A Novel Expert System-Based Optimization of Fast-Charging Station Location Planning for Electric Buses


Can C., KILIÇ F., Kaya Y.

Expert Systems, cilt.43, sa.7, 2026 (SCI-Expanded, Scopus) identifier

  • Yayın Türü: Makale / Tam Makale
  • Cilt numarası: 43 Sayı: 7
  • Basım Tarihi: 2026
  • Doi Numarası: 10.1111/exsy.70281
  • Dergi Adı: Expert Systems
  • Derginin Tarandığı İndeksler: Science Citation Index Expanded (SCI-EXPANDED), Scopus, ABI/INFORM, Compendex, INSPEC, Library, Information Science & Technology Abstracts (LISTA), Psycinfo
  • Anahtar Kelimeler: electric buses, fast charging station, locational planning, meta-heuristic algorithms, power network systems
  • Çukurova Üniversitesi Adresli: Evet

Özet

The need for electric buses (e-buses) has increased significantly due to the global shift towards sustainable urban mobility and low-carbon transportation systems.
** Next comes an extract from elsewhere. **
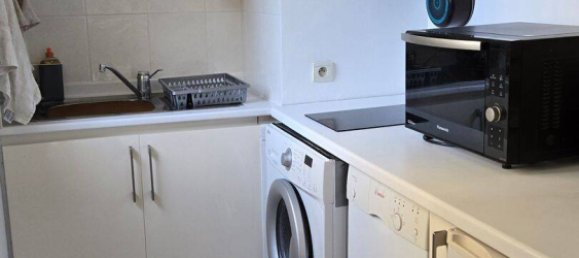 Studio in Nice, France, Nr. 326814 3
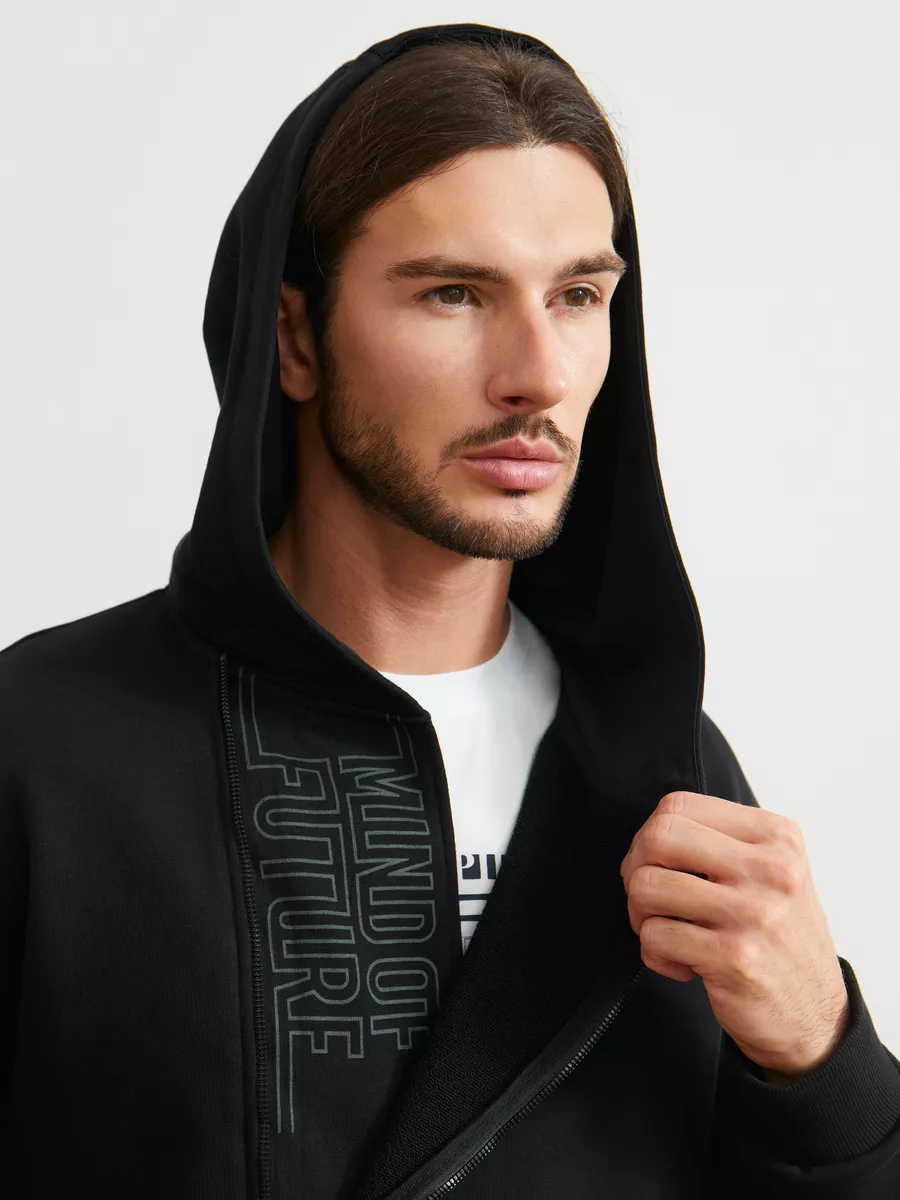 Джемпер BeGood - Будь хорош! 1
The integration of e-buses into public transportation has become an environmentally friendly urban development element due to their positive environmental impacts and potential to reduce private vehicle use. This study introduces a new locational planning model for fast-charging stations (FCS) that optimally integrates them into the existing power network infrastructure to support the transition to e-bus systems. It aims to minimize total operational, maintenance, installation and transportation costs to the charging station, as well as energy distribution line costs, while providing adequate charging services for e-bus fleets. In the model, the binary version of the Walrus Optimization Algorithm has been proposed and compared with three well-known metaheuristic algorithms: the Arithmetic Optimization Algorithm, the Grey Wolf Optimizer and the Whale Optimization Algorithm. A proposed model for charging stations has been evaluated using two real-world datasets containing public transportation and power network data from Adana. The results of the proposed model demonstrate a more realistic, grid-friendly deployment of fast-charging stations at reduced cost.